Une fois de plus, ces événements ont été connus grâce aux blogueurs chinois, qui ont posté les informations, les photos des manifs (ci-dessus celles de mercredi) et les vidéos dont certaines, selon Global Voices Online qui suit la vie des blogs, ont été aussitôt retirées. La presse officielle s'est ainsi abstenue de parler de la manifestation de 10000 personnes, mercredi, devant le Comité provincial du Parti communiste chinois à Shenyang, abondamment relayée sur les blogs.
Cette affaire serait banale si ce n'était son ampleur, affectant des dizaines de milliers de personnes qui ont cru dans le rêve d'enrichissement à base de fourmi que leur vendait le charismatique Wang Fengyou, le PDG de la société Yilishen, avec son slogan "Ant Power" (voir le logo ci-dessus), le "pouvoir des fourmis"...
C'est également embarrassant pour les autorités chinoises, qui ont laissé faire, et même selon certains blogueurs, encouragé, alors que les avis défavorables existaient depuis longtemps.
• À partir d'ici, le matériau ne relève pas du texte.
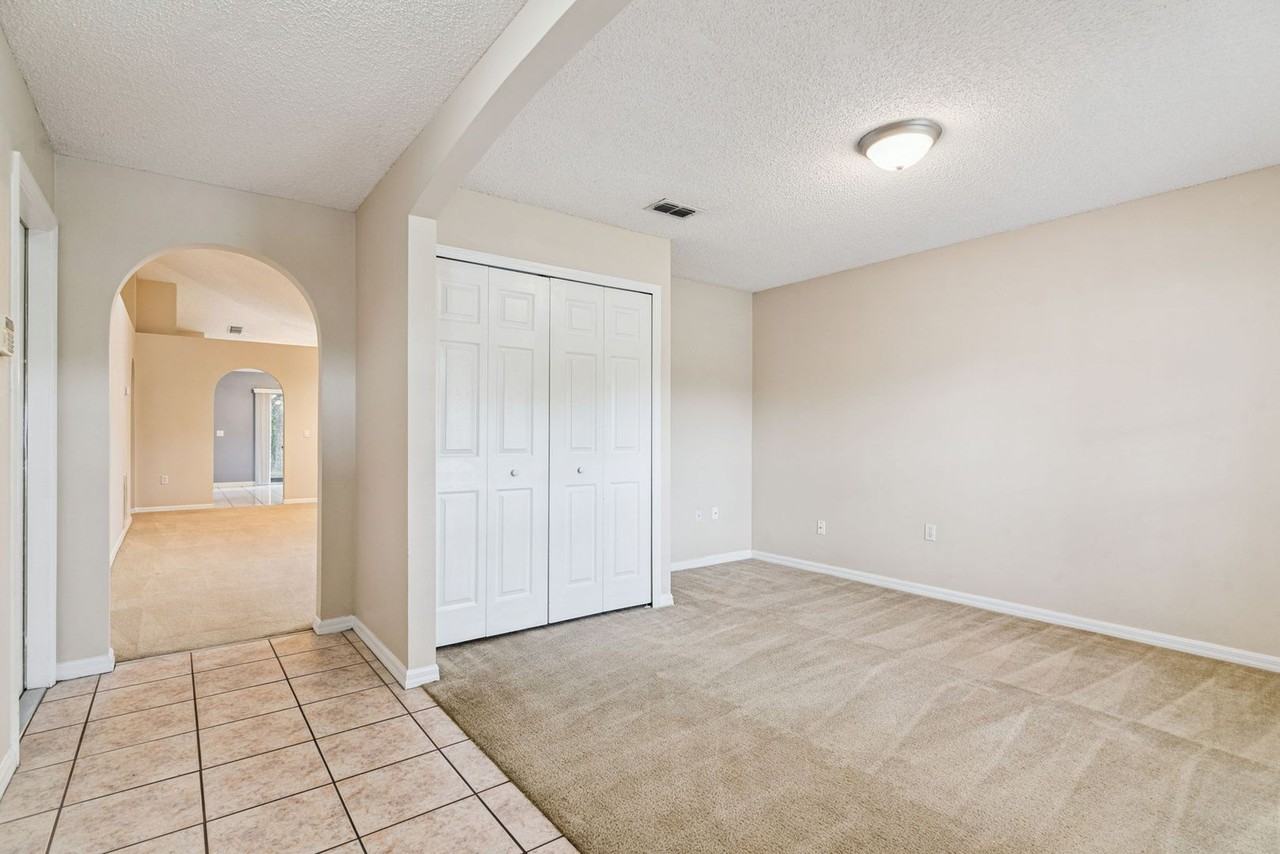 3308 Erskine Dr - Photo 4 of 17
La Food and Drugs Administration (FDA) américaine avait ainsi publié en 2004 une mise en garde contre les produits aphrodisiaques de la société Yilishen, et contre le risque d'effets secondaires. Son équivalent chinois n'a pas eu la même vigilance. Aujourd'hui, la société Yilishen est en faillitte, ayant accumulé les dettes. Elle est incapable de continuer à acheter les fourmis des paysans-éleveurs, qui se retrouvent donc avec une production devenue inutile. Il y a quelques mois, pourtant, elle se préparait à une introduction en Bourse destinée à lever 1,4 milliard de Yuans (140 millions d'euros)... Un blogueur chinois cité par Global Voices résume ainsi la situation:
"Beaucoup de gens se plaignent, mais, dans votre ignorance, vous vous êtes infligé tout ça vous-mêmes". Bien sûr, le gouvernement et les médias ont leur part de responsabilité également, mais que pouvez leur faire? C'est seulement en développant votre conscience que vous pourrez cesser de vous faire avoir. Yilishen savait qu'il voulait maintenir en l'état les sentiments du peuple, lui faire croire que rien ne changeait à Yilishen, que tout ça pourrait continuer à long terme. Mais les gens n'ont pas du faire leurs calculs: il aurait fallu que la société ait une croissance exponentielle pour réussir, et ce n'était pas réalisable. Aujourd'hui, tout ça est arrivé à son terme. Je prie pour ceux qui se sont fait avoir".
On retrouve dans cette affaire à la fois le rêve d'enrichissement de nombreux Chinois, les pratiques douteuses de bon nombre d'entrepreneurs, le laisser-faire officiel, mais aussi les fantasmes générés par une médecine naturelle à vocation aphrodisiaque... Le tout dans une région socialement sinistrée. Un cocktail explosif.